Mom did. “Honey, how about I buy all your flowers? Every single one.”
“Really?”
“Yes, then let’s say enough for a while. You need to go outside and get some air. You smell like a lady of the evening. Why don’t you jump in the pool?”
“Okay, Mom. Thanks!”
* * *
I LOVED OUR POOL.
It was huge—bluer than heaven. Around it, the trees strutted, the roses roared.
Finished in ’56, our house was my father’s midcentury masterpiece. Featured in newspapers and fashion shoots, our house was new, new, new!—no attic, no heirlooms, no trace of the past.
Every detail was carefully managed by Norma Farrow Rush, the pale-skinned daughter of a taxidermist. She no longer had to do any dirty work for her father; the house was her shining rebuke.

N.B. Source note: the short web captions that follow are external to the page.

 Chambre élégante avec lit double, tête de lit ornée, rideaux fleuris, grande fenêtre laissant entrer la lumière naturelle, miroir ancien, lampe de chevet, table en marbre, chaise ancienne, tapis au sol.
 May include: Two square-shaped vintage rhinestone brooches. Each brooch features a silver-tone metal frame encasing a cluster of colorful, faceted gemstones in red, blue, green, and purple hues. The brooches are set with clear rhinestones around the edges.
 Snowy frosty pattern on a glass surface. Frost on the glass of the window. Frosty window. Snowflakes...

The kitchen was immaculate, wrapped in Formica, smooth as snow. And though Mom had dined all over the world, she seemed happiest in her own kitchen, performing for twenty guests in a snug apron and high heels. By some Catholic miracle, her figure improved with each child. Babies, she said, were her beauty secret.
Sometimes when Dad was out late at a meeting, I’d sit with Mom at the kitchen table and watch her play cards. She taught me how to win at solitaire—by cheating. She placed each card down with a decisive snap, saying: If you don’t cheat, you lose—and what fun is that?

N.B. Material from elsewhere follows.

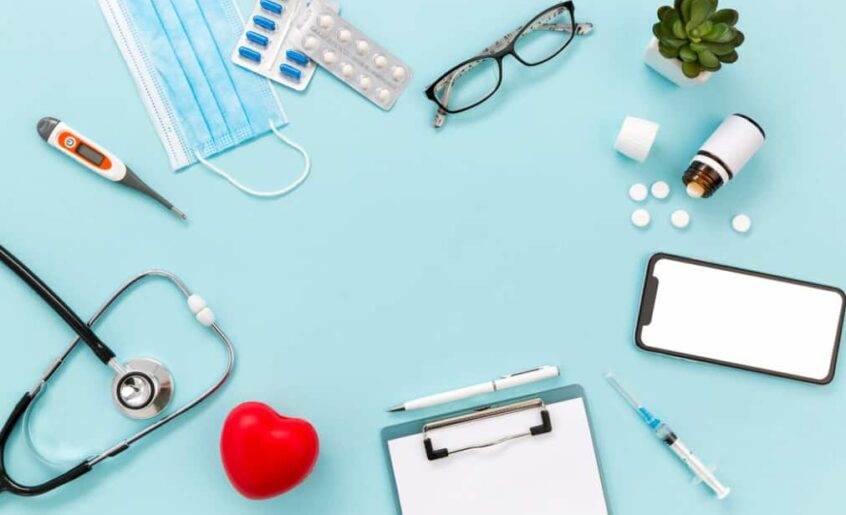 Healthcare items including a mask, thermometer, and smartphone on a blue background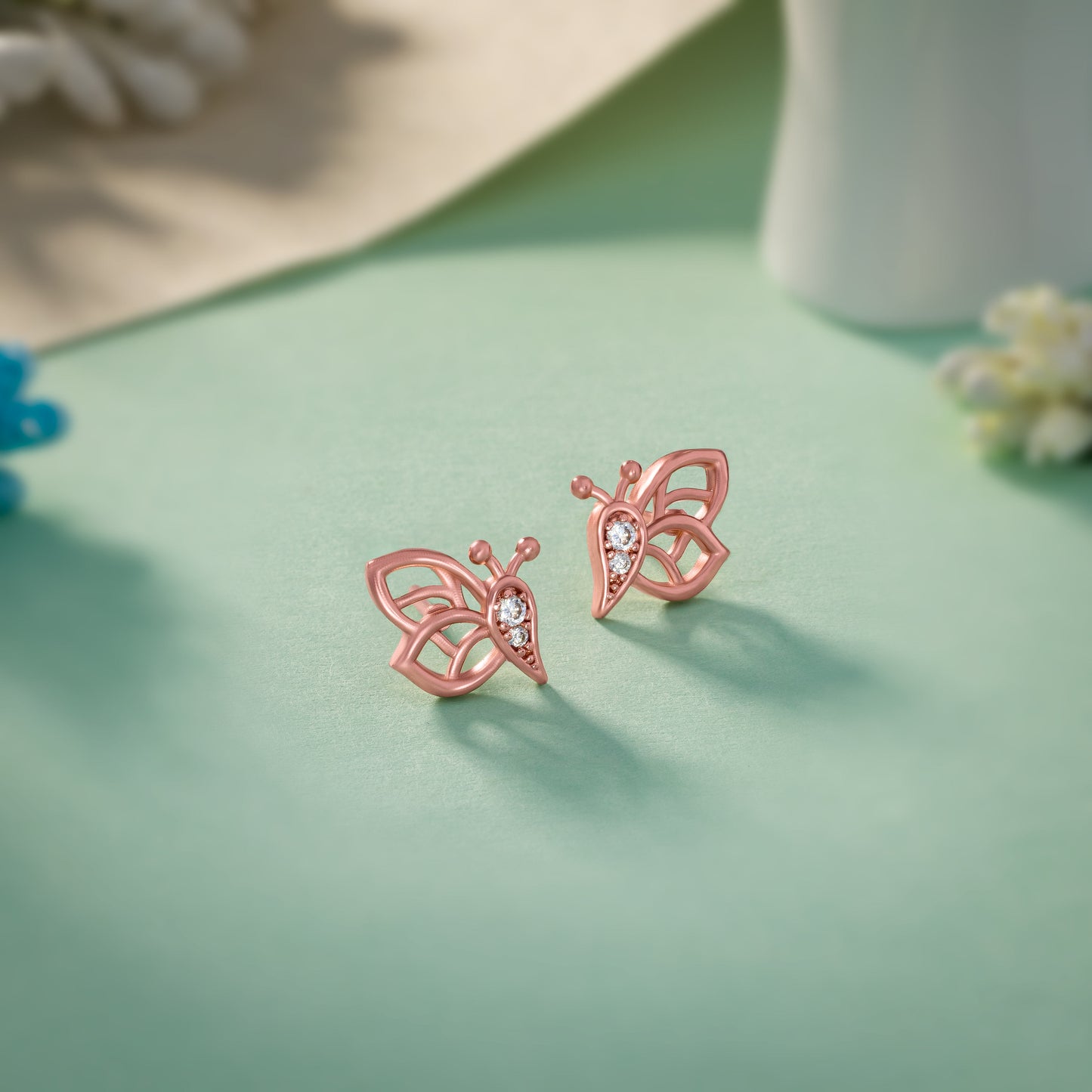 butterfly earring rose gold and diamonds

Past her makeup and her jewelry, I could always spot the glimmer of sadness. I think she could see me seeing it. She called me “the sensitive one.”

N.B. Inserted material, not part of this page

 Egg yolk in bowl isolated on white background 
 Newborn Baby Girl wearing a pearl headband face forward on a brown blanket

There were days when Mom was particularly manic, when there was nothing left to cook or clean, no fund-raiser or bridge party. I’d come home from school and she’d say, “Let’s go for a spin.” Often it was simply a run to the grocery store—but sometimes we’d drive out to an old cemetery in the woods off Route 9, to look at headstones.
The names on the stones were not Rush or Farrow.
“Who are these people?” I asked my mother.
“Old families, long gone,” she said. “I love how peaceful it is out here.”
I recall my shock, seeing a marker in which the year of birth and the year of death were the same. The stone read: BORN INTO THE ARMS OF ANGELS. There was no name
. Only the word Baby.
My mother told me not to mention where we’d been.
“What would your father think?”
* * *
ON THE WAY HOME, Mom would drive past the place she grew up. It wasn’t much, just a small apartment over a run-down store. Red neon still flashed above the door: BAIT AND TACKLE. Out front was a life-sized concrete brontosaurus—a New Jersey landmark. I longed for a closer look, but no matter how many times I asked, Mom would never stop.
Her father was still living there. Sometimes, I could glimpse him standing behind the counter. Mom, eyes on the road, never once looked toward the shop.
I didn’t ask about him. Questions of that sort were not encouraged. To Mom, the past was something you sped by—and best to do it at ten miles over the speed limit, in a brand-new white Cadillac.
Whoosh! Good riddance to bad rubbish.
* * *
MOM WAS DEMANDING when it came to other people—and especially hard on the help. Our most recent nanny had been let go for body odor. Her room downstairs had been empty all summer while Mother tried to air out the smell of poverty.
One afternoon, I went down and sat cross-legged on the black linoleum. It was quiet in the basement, and it smelled fine to me. A square of light fell from the high window, landing on the floor like a magic doorway. I thought it was poetic.
I was sharing a bedroom with my brother Michael, who was not poetic. I asked Mom if I could move downstairs, claiming I needed greater privacy.
“You’re eleven,” she said. “You don’t need privacy. You need supervision.”
From whom, I wondered.
Mom was not much of a supervisor. She regarded her children as her audience—and once we’d applauded, we could do as we wished.